Aku mengerutkan alis dan menatap dengan seksama seakan menganalisis semua kejadian yang pernah ku alami. Lalu mengangkat kedua bahuku seakan acuh-tak acuh dengan orang yang ada di poster tersebut.

Setelah sampai di rumah, aku merebahkan diriku di kasur apuk kesayanganku. Melihat atap rapuh dan warna yang kecoklatan yang mulai keluar dari atap tersebut-mungkin karena sudah terlalu lama-. Menerawang namja yang kurawat kemarin dan tak tahu berterima kasih sedikitpun –membangunkanku sebagai tanda terima kasih saja tidak, apalagi mengucapkan selamat tinggal-.

Tak tahu karena rasa kesal atau memang aku yang kecapekan, sampai rasa ngantukpun menyerangku kembali dan hasilnya aku terlelap.

'Kreeek' Kututup pintu kamarku setelah merasa sudah siap untuk pergi ke tempat kerja dan menjalankan pekerjaanku seperti biasaya.

Perasaanku saja, atau memang benar. Aku merasa seperti sedang di ikuti seseorang. Setiap aku berjalan, muncul untaian langkah kaki yang ku yakini berasal dari arah belakang. Setiap berbalik ke belakang, langkah kaki itu lenyap seketika, dan muncul lagi setiap aku berbalik ke depan.

Aku mempercepat langkahku. Hari juga sudah mulai sore, itu berarti jam kerjaku sudah hamper tiba dan aku harus datang ke sana secepatnya.

'Tuk tuk tuk' Langkah kaki itu semaki cepat. Alhasil akupun berlari sekencang-kencangnya.

"Haaaah…hahh.."Dadaku terasa begitu berat ketika merasa telah aman. Nafasku tak bisa ku atur dengan cepat.

Aku melirik jam tanganku, 5 menit lagi pergantian jam kerja. Kupaksa diriku untuk berjalan dan membuka pintu.

'Kriing' Bunyi lonceng di atas pintu lagi.

~Skip Time~

Aku berjalan pulang seperti biasanya.
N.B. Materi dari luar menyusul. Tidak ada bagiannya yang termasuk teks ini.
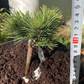 Pinus mugo 'Milky Way' - 10-15 cm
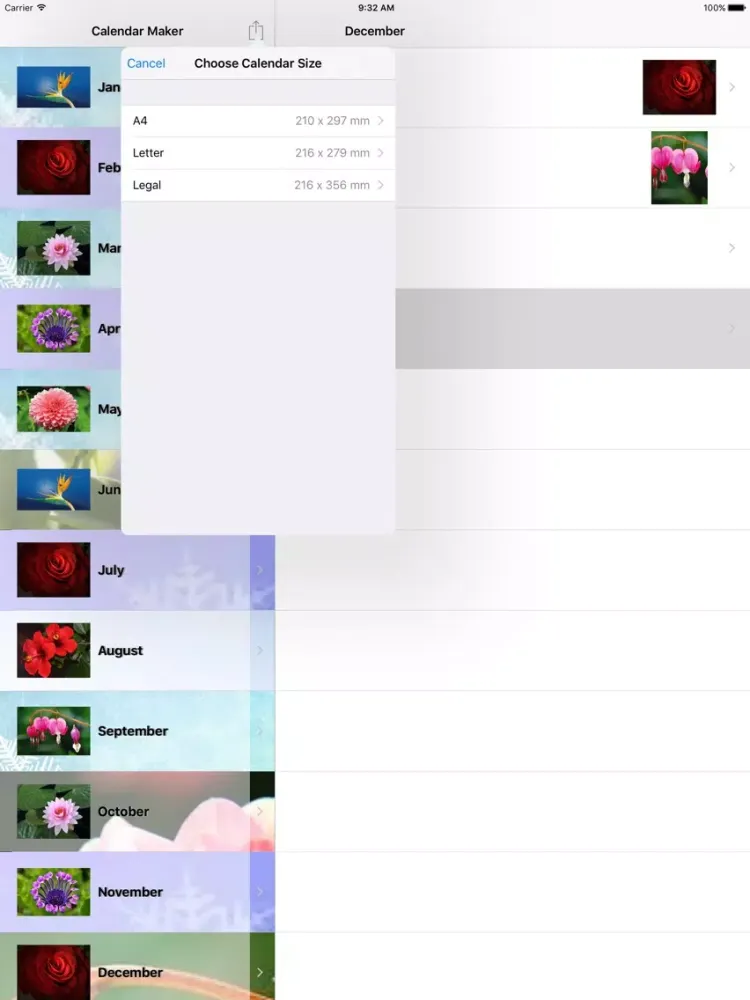 Calendar Maker 2017 - Create Photo Calendar as PDF iPad  سکرین شاٹس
Malam yang kulewati sendiri lagi. Tak tahu harus bersama dengan siapa. Tapi aku tetap mensyukuri hari-hari ini.

'Tuk tuk tuk' Suara itu berbunyi lagi. Keringat dinginku mulai menyeruak keluar saat membayangkan apa yang terjadi padaku jika orang itu macam-macam denganku.
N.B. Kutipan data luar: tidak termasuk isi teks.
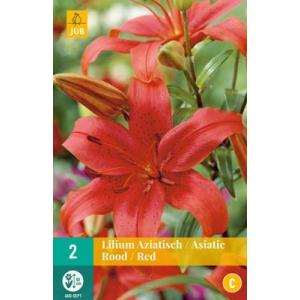 Lilie Asiatic Red "C"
Aku mempercepat langkahku, kian waktu kiat cepat. Sampai ada yang menarik tanganku.

"Kyaaaaa"Pekikku ketakutan.

"Hey nona! Diamlah! Kau ingin membuatku tuli huh?" Ucap orang yang tadi mengikutiku.

"Kau siapa? Kau mau apa dariku? Aku tak punya uang sepeserpun. Jadi aku mohon pergilah." Tak tersadar air bening yang sedari kutahan jatuh seketika membasahi pipiku.

"Hey! Sadarlah nona! Lihat aku!" Aku melihat kearahnya dengan takut, berharap tampangnya tak mengerikan seperti orang-orang jahat yang sering muncul di TV atau sinetron-sinetron yang pernah kunonton.

"Kau!"

Tatapan itu.

Tatapan kasih sayang yang kudapatkan hanya dari dirimu seorang. Berawal dari sebuah kopi hangat dan manis lalu beralih pada cinta yang hangat dan manis pula.

Aku menatapnya tak percaya. Orang yang kemarin ku tolong sedang berada di depanku, sambil nyengir kuda memperlihatkan deretan gigi-gigi putihnya.

"Untuk apa kau ke sini?" Ucapku ketus padanya. Mengingat dia pergi tampa mengucapkan satu katapun.

"Hey! Kenapa kau begitu judes! Aku kira kau orang ramah tamah karna telah menolongku. Ternyata kau galak!" Ucapnya tanpa memikirkan orang yang dia ajak bicara sekarang ini tersinggung atau tidak.

"Apa yang kau katakana? Memangnya siapa yang tidak tahu diri karna pergi seenaknya tanpa mengucapkan apa-apa?!" Ucapku menyindir.

"Aiiish..oke oke..mianhae. Tapi saat itu aku sedang ada urusan penting dan tidak boleh di tunda. Jadi…" Orang ini menggantungkan ucapannya dan berpikir sejenak.

"Apa?" Aku yang tak sabar dengan ucapannya, langsung menyambar dan berbicara ketus.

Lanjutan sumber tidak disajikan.